L’altro fattore che l’ha forse frenato è sempre stato una dedizione non proprio ascetica alla propria professione, soprattutto se paragonata a quella dei connazionali Nadal e Ferrer. E nel tennis di oggi purtroppo è una condizione necessaria per primeggiare. Nonostante il suo metro e ottantatré di altezza, Almagro non si è mai mosso con grande rapidità in campo, preferendo fare affidamento sui suoi colpi dalla forza poderosa, servizio e rovescio in particolare. I suoi incontri erano spesso molto divertenti e ricchi di punti vincenti. Ma, d’altro canto, non sempre pieni di alta intensità fisica e strenue difese. Essendo fin troppo maligni, si poteva talvolta scorgere anche qualche chilo di troppo nel suo fisico.
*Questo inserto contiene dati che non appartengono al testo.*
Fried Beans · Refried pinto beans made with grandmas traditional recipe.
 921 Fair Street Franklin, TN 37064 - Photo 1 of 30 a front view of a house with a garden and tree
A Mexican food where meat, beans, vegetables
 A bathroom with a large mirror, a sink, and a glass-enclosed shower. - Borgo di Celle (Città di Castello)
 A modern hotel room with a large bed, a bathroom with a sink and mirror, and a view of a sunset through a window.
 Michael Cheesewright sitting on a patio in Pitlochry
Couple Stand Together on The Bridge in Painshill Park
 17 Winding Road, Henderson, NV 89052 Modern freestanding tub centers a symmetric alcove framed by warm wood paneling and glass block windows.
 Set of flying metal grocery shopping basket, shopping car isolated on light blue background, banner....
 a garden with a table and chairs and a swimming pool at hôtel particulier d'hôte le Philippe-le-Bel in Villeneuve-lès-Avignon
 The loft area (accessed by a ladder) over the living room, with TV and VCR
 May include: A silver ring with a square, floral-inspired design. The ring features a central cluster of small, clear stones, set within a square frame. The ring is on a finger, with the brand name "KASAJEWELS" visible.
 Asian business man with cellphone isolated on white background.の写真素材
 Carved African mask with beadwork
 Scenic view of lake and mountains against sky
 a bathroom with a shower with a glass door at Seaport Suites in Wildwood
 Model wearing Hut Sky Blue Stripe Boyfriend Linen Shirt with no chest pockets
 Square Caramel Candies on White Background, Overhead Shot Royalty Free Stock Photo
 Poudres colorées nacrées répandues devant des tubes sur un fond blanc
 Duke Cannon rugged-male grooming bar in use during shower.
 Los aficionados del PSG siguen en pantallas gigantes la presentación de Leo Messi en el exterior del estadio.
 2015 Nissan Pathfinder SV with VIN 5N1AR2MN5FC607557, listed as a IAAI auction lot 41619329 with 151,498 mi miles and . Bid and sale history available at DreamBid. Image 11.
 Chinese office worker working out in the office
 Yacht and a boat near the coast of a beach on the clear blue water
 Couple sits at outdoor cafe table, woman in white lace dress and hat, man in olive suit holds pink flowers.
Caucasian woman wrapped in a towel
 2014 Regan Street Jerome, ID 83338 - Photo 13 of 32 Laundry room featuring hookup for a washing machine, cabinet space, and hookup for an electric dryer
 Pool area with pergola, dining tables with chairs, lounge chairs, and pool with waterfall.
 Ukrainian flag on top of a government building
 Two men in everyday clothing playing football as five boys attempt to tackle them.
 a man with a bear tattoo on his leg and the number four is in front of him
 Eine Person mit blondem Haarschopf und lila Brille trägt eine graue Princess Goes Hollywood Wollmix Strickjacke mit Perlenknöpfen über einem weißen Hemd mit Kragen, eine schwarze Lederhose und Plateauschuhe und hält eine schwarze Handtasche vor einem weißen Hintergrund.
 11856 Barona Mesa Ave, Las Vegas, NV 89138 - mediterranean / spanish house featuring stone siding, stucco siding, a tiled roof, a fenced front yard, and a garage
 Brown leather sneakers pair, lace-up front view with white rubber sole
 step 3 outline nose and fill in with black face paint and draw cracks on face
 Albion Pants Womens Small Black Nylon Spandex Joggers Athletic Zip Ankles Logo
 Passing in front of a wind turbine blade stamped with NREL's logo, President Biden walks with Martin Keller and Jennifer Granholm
Ma, guardandosi indietro, Almagro non ha di certo rimpianti per gli infortuni o per non aver fatto qualche ora di preparazione atletica in più. “Se faccio il punto su ciò che è successo nella mia carriera sportiva penso ai tredici titoli ATP, alle dieci finali, al titolo in doppio, alla partecipazione alle Olimpiadi, al successo in Coppa Davis (nel 2011 anche se non fu convocato in finale, ndr) … Beh, cosa potevo chiedere di più?”, ha affermato. Forse vivere in un’altra epoca? Senza Nadal ma anche Federer, Djokovic e Murray? “Loro erano intoccabili. Gli altri potevano solo stare dietro. Tuttavia, se avessero detto a qualcuno intorno a me cosa avrei ottenuto, avrei firmato per metà della metà”. Insomma, è contento così l’iberico. E ha tanti motivi per esserlo.
Se poi qualcuno ha nostalgia del suo meraviglioso rovescio può andare su Youtube o assistere dal vivo a uno dei tornei di veterani nei quali si cimenterà in futuro. E dove finalmente Nico sarà libero di non rincorrere la palla degli avversari.